It is important to be able to locate and track items, especially as they travel between places. Objects may travel within a single facility or move over greater distances or even transit between countries over land, sea and air. Such items may include freight, post, documents and individual parts of vehicles such as ships, trains and aircraft, for example. Passive electronic tags (e.g. RFID tags) may be attached to individual items so that they may be uniquely identified and interrogated locally at distances of between several millimetres and perhaps up to ten metres. Typically, tags are passive and have no stored electrical energy and so derive their required electrical power from an interrogating signal generated by a tag reader. Therefore, items and goods may be tracked as they pass particular points on a journey or between locations, provided that they pass sufficiently close to a tag reader (i.e. within a short interrogation and reception range). This can work well for freight, which has to follow a particular route with well-defined stops or freight depots. However, for items that travel on less defined routes or that do not have a particular end destination (e.g. parts of aircraft that are in constant use within the aircraft) then passive tags have drawbacks.
Active tags that carry their own power supply can be used to track larger items, such as freight containers. Such tags may have a large battery, a long-range wireless interface (e.g. a GSM radio or satellite communicator) and a position locator such as GPS or GSM triangulation unit. However, once the battery is exhausted then the tag ceases to function and the item will no longer be locatable. Furthermore, such tracking devices are only suitable for larger items due to their size and bulk.
US 2010/0079238 describes an RF-based tag that includes non-volatile memory and a piezo electric sensor. The piezo electric sensor produces an electrical charge that momentarily supplies electrical power to the tag when subjected to a mechanical force. This electrical power is sufficient to record data in the non-volatile memory. Therefore, such a tag can record events that occur during a journey and the non-volatile memory can be read at the end of such a journey to provide additional information. However, such a tag cannot be used to locate items at longer distances.
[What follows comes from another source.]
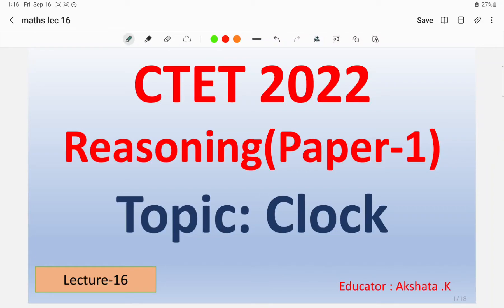Hello friends, this is Akshita, your educator. I welcome you all on the platform of Sparda Pariksha by Global Online. As we know, Global Online platform has launched a complete series for the upcoming CTET examination which will be held in December 2022. In this series we are dealing with Mathematics Paper 1, and in the reasoning portion we have discussed series and pattern. In today's lecture number 16, we will discuss the topic called clocks.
It is often important to be able to locate individual parts of a vehicle, such as an aircraft. For example, should an aircraft be leased then certain parts may be swapped or replaced during the leasing period. When the aircraft is returned to its owner, then all of the parts must be accounted for. This can be important for regulatory and safety purposes or to audit the number of hours that particular parts have been used so that they can be replaced or serviced appropriately. Furthermore, it can be found that parts are swapped between individual aircraft within a fleet. When those aircraft are returned to their owner or passed on to a new carrier, then again, the original parts must be returned to the original aircraft. In order to track such movements and changes, then significant effort and paperwork may be required to locate missing or moved parts.
Similarly, valuable items such as jewellery and important documents may be transported and moved in use. It is usually not feasible to provide such small items with active global tracking systems due to the added bulk. However, small but valuable items can be lost or misplaced more easily and so it is useful to know their whereabouts at any given time, which is not currently feasible.
Therefore, there is required a method and system that overcomes these problems.